(Excerpts from a dataset)

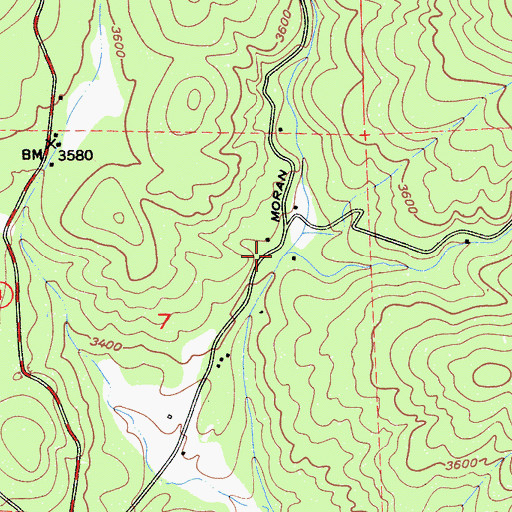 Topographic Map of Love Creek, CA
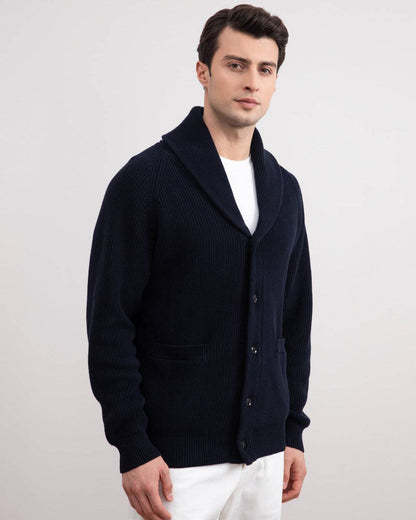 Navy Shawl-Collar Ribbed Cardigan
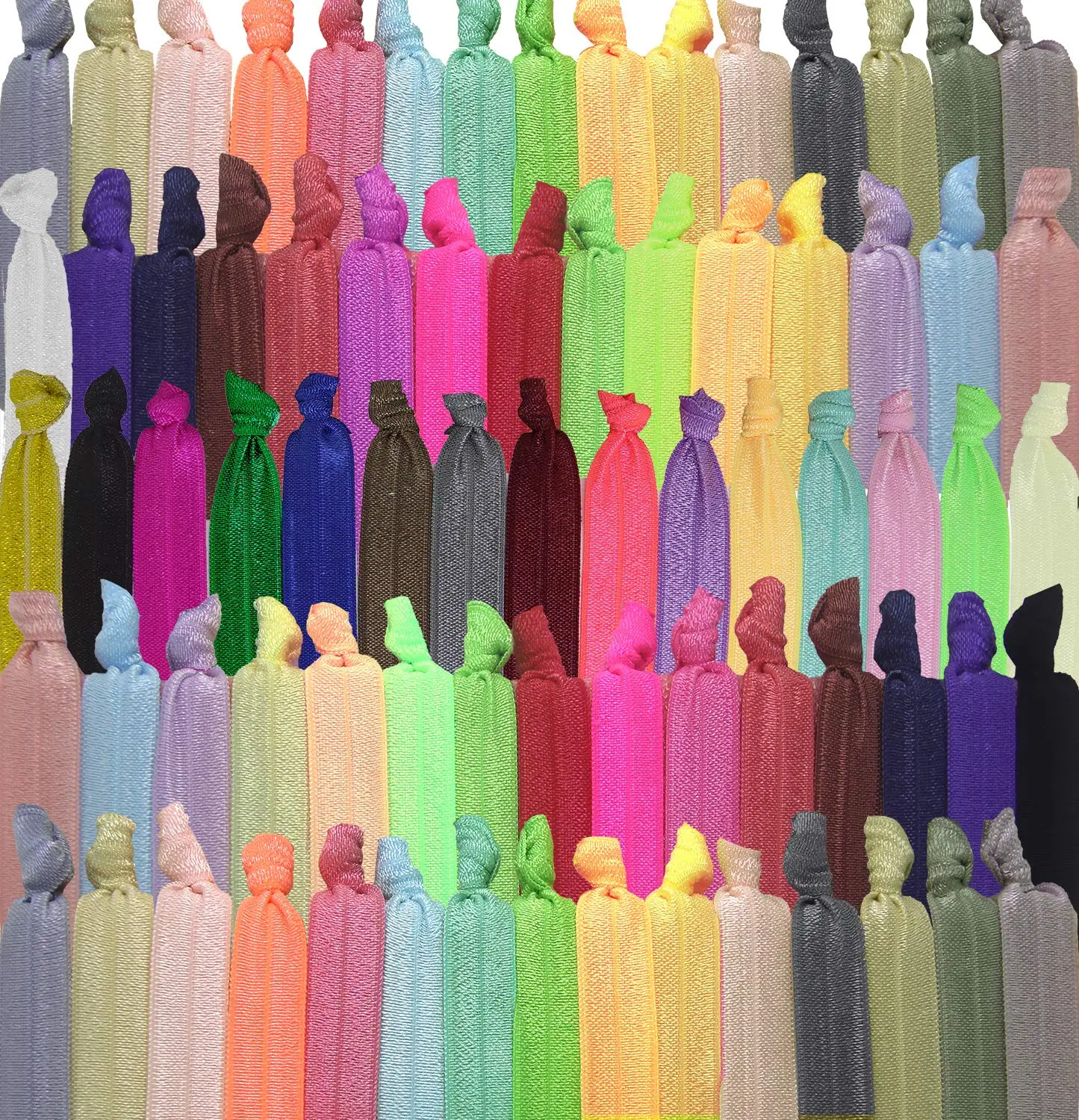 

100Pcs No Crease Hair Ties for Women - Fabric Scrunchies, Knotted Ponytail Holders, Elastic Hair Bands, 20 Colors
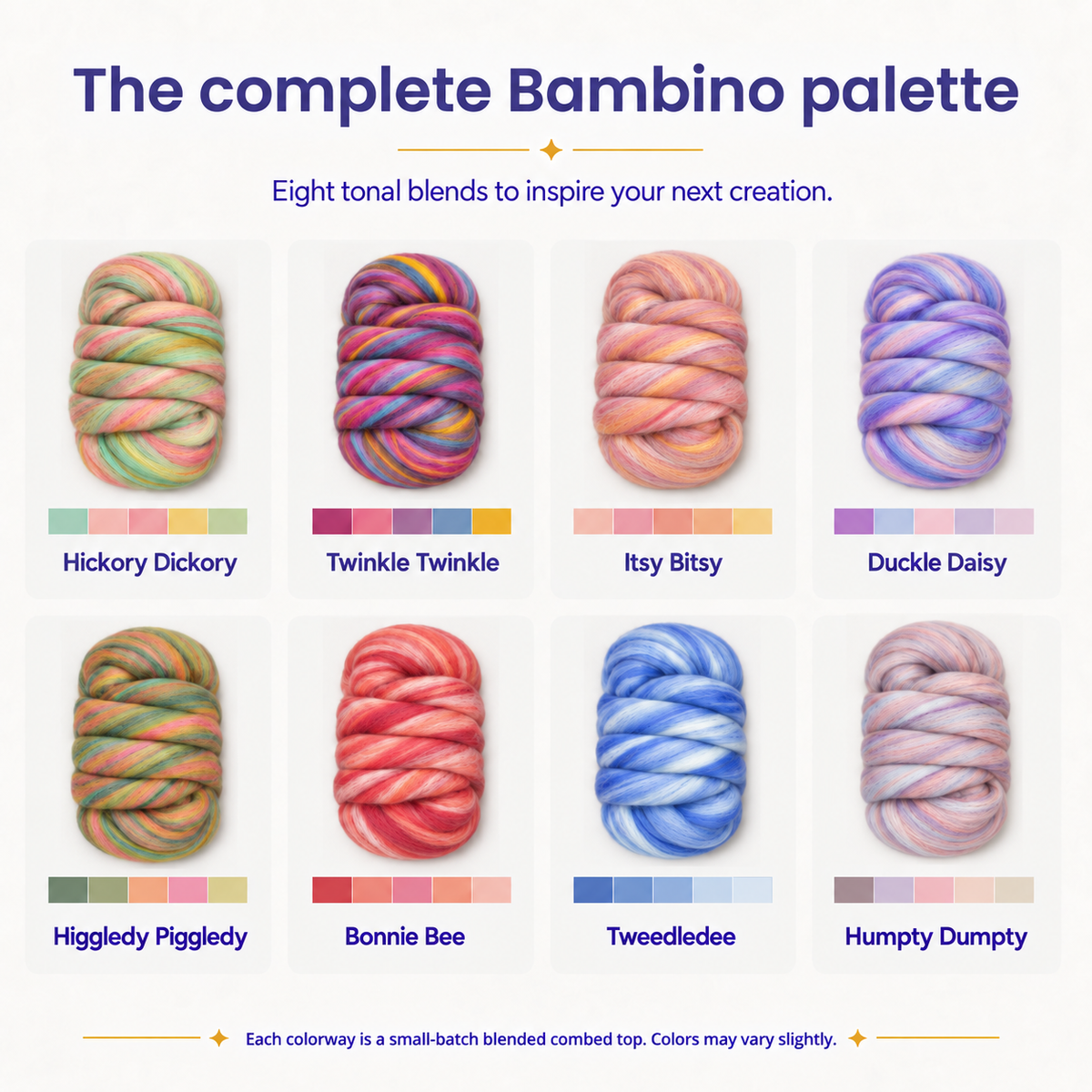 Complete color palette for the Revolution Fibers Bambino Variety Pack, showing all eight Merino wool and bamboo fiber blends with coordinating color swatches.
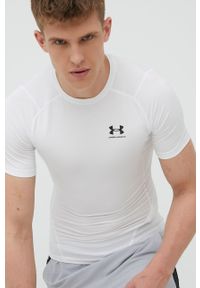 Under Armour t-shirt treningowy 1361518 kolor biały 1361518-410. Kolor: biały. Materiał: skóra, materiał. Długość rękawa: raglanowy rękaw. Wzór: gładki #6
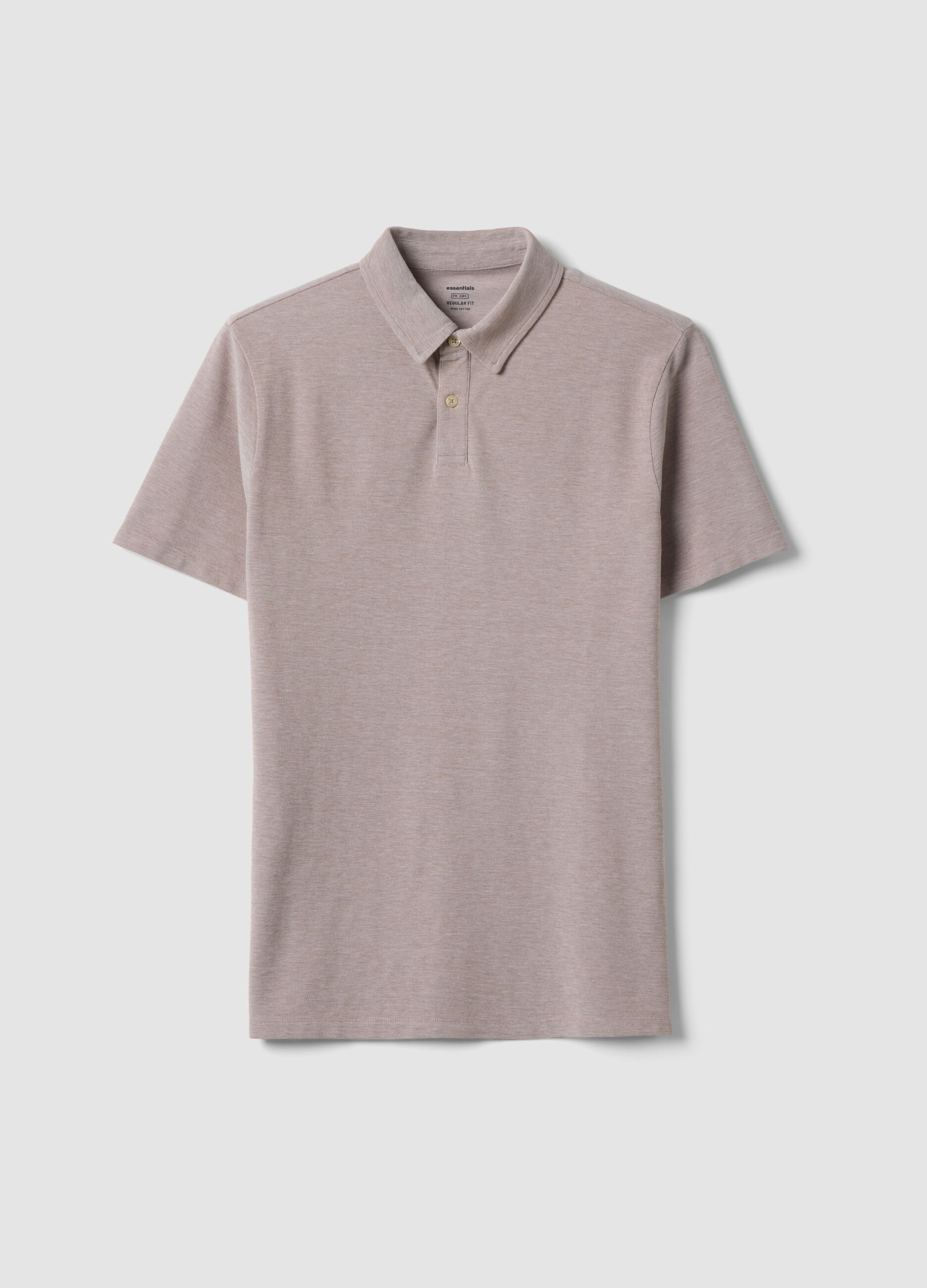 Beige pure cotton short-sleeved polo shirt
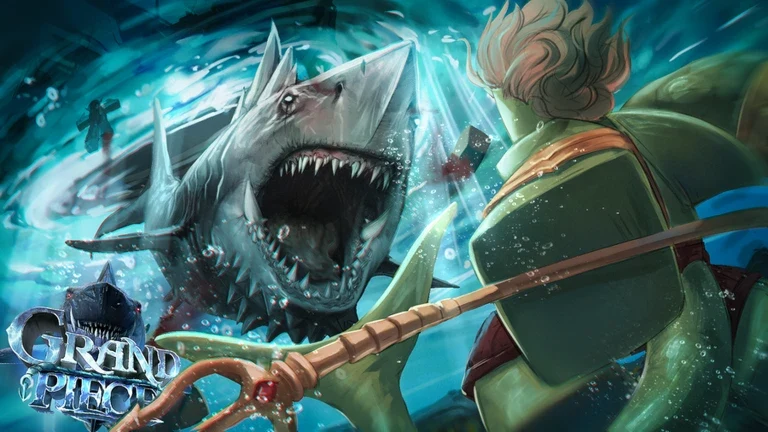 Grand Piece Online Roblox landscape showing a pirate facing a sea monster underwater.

**What is needed:**
Reproduce verbatim every line starting at the line that holds "100Pcs No Crease" and ending with the final line of the data; omit the pictures.

**Exercise result:**
100Pcs No Crease Hair Ties for Women - Fabric Scrunchies, Knotted Ponytail Holders, Elastic Hair Bands, 20 Colors
 Complete color palette for the Revolution Fibers Bambino Variety Pack, showing all eight Merino wool and bamboo fiber blends with coordinating color swatches.
 Under Armour t-shirt treningowy 1361518 kolor biały 1361518-410. Kolor: biały. Materiał: skóra, materiał. Długość rękawa: raglanowy rękaw. Wzór: gładki #6
 Beige pure cotton short-sleeved polo shirt
 Grand Piece Online Roblox landscape showing a pirate facing a sea monster underwater.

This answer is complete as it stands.